Villagers illegally entered the panchayat forests, cut grass and leaf fodder from trees, grazed their animals, collected twigs and branches, and in some instances even felled trees. I heir activities occurred in violation of the rules, and in spite of the presence of guards who could discover and report them to the panchayat, which would then try to force them to pay fines. The records, while documenting high levels of abuse, underestimate the extent of illegal grazing and cutting. (Agrawal, 1994: 274)

It has been proved in Chapter 8 (sect. 1) that, if monitoring is imperfect, it is possible that rulebreaking always occurs at equilibrium (there is a Nash equilibrium in mixed strategy in which the resource user violates the rule with positive probability and the guard monitors also with positive probability). To recall, this situation happens when the payoffs are such that a resource user has no incentive to violate the rule if his behaviour is monitored (since, otherwise, rulebreaking would be a dominant strategy and would therefore occur systematically rather than probabilistically). That this equilibrium in mixed strategy provides a good description of the situation observed in the villages surveyed by Agrawal can be inferred from the fact that he mentions not only the imperfect monitoring ability of the guards (due to dispersion of community forests) but also the possibility for them to evade their duties: 'The guards are often absent from the forest and even when at their posts cannot monitor all compartments of the panchayat forest simultaneously' (Agrawal, 1994: 274).
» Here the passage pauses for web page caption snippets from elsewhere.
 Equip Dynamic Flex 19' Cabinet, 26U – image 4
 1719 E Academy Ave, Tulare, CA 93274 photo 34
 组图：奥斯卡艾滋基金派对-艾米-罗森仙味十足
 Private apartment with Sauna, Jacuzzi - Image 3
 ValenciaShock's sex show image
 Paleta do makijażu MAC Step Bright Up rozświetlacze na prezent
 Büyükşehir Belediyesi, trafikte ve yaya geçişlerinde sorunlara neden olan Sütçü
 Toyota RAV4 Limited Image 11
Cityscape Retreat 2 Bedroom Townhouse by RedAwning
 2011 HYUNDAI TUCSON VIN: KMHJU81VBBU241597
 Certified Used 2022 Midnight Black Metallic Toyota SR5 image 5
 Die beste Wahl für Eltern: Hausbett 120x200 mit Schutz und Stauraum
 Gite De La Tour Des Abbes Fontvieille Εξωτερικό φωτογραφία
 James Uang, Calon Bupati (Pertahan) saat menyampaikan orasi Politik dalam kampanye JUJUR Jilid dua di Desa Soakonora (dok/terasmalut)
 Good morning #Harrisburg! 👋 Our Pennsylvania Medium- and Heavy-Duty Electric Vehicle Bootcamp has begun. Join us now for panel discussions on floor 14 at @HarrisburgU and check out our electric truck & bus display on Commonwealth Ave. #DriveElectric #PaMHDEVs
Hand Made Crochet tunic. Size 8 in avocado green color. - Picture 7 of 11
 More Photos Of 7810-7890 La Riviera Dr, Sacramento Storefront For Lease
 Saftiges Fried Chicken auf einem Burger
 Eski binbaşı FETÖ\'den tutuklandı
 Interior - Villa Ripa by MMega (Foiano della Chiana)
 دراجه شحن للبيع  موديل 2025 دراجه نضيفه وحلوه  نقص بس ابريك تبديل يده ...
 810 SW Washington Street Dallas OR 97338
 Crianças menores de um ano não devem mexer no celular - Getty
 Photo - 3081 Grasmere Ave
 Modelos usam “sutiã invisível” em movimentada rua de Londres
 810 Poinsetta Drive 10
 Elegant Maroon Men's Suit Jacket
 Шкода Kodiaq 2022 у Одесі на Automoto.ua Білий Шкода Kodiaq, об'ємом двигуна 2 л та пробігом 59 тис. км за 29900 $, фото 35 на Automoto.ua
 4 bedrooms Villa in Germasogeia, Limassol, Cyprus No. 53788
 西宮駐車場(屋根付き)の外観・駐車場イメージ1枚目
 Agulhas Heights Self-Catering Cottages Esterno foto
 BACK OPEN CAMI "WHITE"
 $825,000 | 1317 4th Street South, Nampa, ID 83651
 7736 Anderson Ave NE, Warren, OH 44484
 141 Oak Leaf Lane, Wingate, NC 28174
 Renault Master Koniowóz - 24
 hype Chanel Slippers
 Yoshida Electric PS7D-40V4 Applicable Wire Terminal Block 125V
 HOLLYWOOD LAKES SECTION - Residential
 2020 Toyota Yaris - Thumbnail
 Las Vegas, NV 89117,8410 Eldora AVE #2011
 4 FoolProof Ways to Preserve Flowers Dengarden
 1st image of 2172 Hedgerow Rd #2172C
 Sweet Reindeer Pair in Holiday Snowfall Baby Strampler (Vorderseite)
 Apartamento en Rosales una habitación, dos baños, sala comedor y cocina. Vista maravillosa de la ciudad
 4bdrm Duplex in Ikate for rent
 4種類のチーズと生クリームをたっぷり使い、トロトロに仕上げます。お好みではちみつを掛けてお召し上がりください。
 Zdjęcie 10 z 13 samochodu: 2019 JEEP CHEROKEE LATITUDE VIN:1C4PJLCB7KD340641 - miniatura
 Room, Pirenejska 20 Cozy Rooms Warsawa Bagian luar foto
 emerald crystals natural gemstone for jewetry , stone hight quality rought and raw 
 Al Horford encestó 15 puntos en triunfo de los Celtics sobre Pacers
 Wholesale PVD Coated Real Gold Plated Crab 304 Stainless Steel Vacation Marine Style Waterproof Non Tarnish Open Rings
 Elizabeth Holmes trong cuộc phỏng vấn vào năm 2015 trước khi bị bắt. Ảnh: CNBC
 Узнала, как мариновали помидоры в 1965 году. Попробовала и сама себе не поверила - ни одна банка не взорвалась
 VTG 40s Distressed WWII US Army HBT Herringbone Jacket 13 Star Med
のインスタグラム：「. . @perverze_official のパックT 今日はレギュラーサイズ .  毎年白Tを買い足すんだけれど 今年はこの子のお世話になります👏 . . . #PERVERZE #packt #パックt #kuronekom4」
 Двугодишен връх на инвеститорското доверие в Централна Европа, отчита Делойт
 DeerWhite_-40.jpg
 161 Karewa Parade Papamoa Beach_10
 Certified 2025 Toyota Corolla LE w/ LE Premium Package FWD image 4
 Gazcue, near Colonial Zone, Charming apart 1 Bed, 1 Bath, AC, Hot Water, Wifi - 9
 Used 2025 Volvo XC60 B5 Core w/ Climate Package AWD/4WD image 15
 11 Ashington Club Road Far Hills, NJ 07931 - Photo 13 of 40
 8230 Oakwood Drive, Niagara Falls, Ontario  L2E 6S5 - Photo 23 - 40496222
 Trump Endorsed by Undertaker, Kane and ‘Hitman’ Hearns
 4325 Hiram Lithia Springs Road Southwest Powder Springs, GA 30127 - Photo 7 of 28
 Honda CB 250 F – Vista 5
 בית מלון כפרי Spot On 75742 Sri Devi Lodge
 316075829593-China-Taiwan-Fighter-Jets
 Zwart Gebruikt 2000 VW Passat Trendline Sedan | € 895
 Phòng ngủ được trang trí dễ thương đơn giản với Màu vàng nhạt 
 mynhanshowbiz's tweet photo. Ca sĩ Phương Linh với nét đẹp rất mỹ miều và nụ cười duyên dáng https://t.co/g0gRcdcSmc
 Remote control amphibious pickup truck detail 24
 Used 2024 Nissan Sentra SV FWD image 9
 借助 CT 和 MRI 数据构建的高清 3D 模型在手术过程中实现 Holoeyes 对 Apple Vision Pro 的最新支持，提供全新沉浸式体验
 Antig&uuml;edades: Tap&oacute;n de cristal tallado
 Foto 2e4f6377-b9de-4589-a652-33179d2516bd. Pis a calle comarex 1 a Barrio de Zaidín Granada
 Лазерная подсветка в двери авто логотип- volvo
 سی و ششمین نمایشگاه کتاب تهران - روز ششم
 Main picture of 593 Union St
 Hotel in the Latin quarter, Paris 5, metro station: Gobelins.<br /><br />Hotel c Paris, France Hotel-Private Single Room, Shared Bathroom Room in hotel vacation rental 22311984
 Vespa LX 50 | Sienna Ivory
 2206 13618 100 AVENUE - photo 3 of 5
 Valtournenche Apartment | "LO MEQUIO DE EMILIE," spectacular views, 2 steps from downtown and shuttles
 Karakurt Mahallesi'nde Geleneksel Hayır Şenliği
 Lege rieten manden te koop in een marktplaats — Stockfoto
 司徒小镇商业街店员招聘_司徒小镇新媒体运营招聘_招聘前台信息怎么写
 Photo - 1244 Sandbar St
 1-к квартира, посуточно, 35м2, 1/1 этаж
While opting for occasional rule violations, forest users therefore know that guards have a monitoring tendency smaller than one and that, when they actually monitor, the probability of detection of rule-breaking is also smaller than unity.

Of course, violations of the prevailing rules are less frequent or are of relatively minor importance in villages where more resources have been devoted to monitoring (for given CPR characteristics) and, as a consequence, community forests are less subject to degradation in these villages.